Sally Potter's "Ginger & Rosa" is the coming-of-age story of two British girls, born on the same day and raised together, whose relationship is shattered when one falls in love with the other's father.

On Aug. 6, 1945, as the first atom bomb was dropped on Hiroshima, two girl babies were born to two women, holding hands in a maternity ward in London as their respective husbands pace in the waiting room.

Skip ahead to 1962. The inseparable girls are now 17 years old and emotionally affected by the widespread media coverage of the Cuban Missile Crisis and the catastrophic consequences of a possible nuclear war between the United States and Russia. Daughter of frustrated painter Natalie (Christina Hendricks) and philandering Roland (Alessandro Nivola), a conscientious objector who served time in prison during World War II for his political beliefs, Ginger (Elle Fanning) is a nascent poet and ardent political activist, joining the Campaign for Nuclear Disarmament, attending meetings and marching in pacifist demonstrations.
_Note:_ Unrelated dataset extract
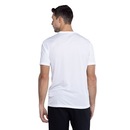 Camiseta Masculina Puma Active Big Logo Treino Fit - Foto 7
At the same time, Rosa (Alice Englert), whose father left her mother (Jodhi May) years earlier, turns to religion and gives Ginger a crucifix. Eventually, Roland takes his own flat and Ginger moves in with her father. Problem is: where Ginger goes, so does Rosa. And rebellious Rosa's budding sexuality is inflamed by amoral Roland -- with disastrous consequences.

While writer/director Sally Potter ("Orlando") concentrates on idealistic Ginger's emotional angst, propelled not only by fear of a nuclear holocaust but also by the betrayal of both her father and best friend. Aided by cinematographer Robbie Ryan, Potter fashions a dazzling, dramatic showcase for Fanning, who was only 13 at the time of filming. The stalwart supporting cast is headed by Alice Englert (daughter of filmmaker Jane Campion) and includes Annette Bening, as an American dissident, along with Timothy Spall and Oliver Platt as Ginger's godfathers.

On the Granger Movie Gauge of 1 to 10, "Ginger

& Rosa" is a sensitive 6, notable primarily because

of Elle Fanning's incandescent performance.